8. "A vida só é possível reinventada", poema de Cecília Meirelles:
"[...] Não te encontro, não te alcanço…
Só — no tempo equilibrada,
desprendo-me do balanço
que além do tempo me leva.
Só — na treva,
fico: recebida e dada.
Porque a vida, a vida, a vida,
a vida só é possível
reinventada."
9. "Canção do exílio", poema de Gonçalves Dias:
"[...] Não permita Deus que eu morra,
Sem que eu volte para lá;
Sem que desfrute os primores
Que não encontro por cá;
Sem qu’inda aviste as palmeiras,
Onde canta o Sabiá."
10. "Sermão de Santo Antônio aos Peixes", de Padre Antônio Vieira:
"Oh que excesso tão afrontoso e tão indigno de um elemento tão puro, tão claro e tão cristalino como o da água, espelho natural não só da terra, senão do mesmo céu! [...] E que neste mesmo elemento se crie, se conserve e se exercite com tanto dano do bem público um monstro tão dissimulado, tão fingido, tão astuto, tão enganoso e tão conhecidamente traidor!"
Diferença entre Anáfora e Catáfora (Linguística)
A anáfora vai além de simplesmente repetir palavras ou expressões. Na Linguística, é um recurso de coesão textual em que um termo já mencionado (o "antecedente") é retomado por meio de outra palavra ou expressão, evitando repetições no texto.
Exemplo:
Alexandre queria almoçar feijão (termo antecedente). Comeu-o (termo referente) com gosto.
A catáfora, por sua vez, ocorre quando uma palavra ou uma frase prepara uma informação a ser apresentada no texto. Consiste, portanto, numa espécie de antecipação de algo que ainda será dito.
Exemplo:
Só te digo isso: não fale mais da minha vida.
Neste exemplo, percebemos que o pronome "isso" antecipa a informação que só será apresentada a seguir, "não fale mais da minha vida".
Tipos de Anáfora
Na Linguística, temos dois tipos de anáfora: pronominal e conceitual.

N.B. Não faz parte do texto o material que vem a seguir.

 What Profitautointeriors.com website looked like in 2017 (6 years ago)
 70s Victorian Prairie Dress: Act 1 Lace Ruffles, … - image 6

A anáfora pronominal é composta por um pronome anafórico, que retoma um substantivo mencionado anteriormente, substituindo-o de acordo com seu número e gênero.
Exemplos:
- Pedro apareceu na televisão. Ele foi entrevistado por uma jornalista do jornal das oito.
- O carro está estacionado na rua. Leve-o para a garagem.
A anáfora conceitual ocorre quando a retomada do termo antecedente quebra as regras gramaticais, alterando seu gênero ou número. Neste caso, o leitor compreende a retomada a partir de elementos linguísticos e extralinguísticos (contexto).
Exemplos:
- A câmara aprovou o projeto de lei. Eles votaram em segredo.
- Dê-me um garfo. Eles estão no armário.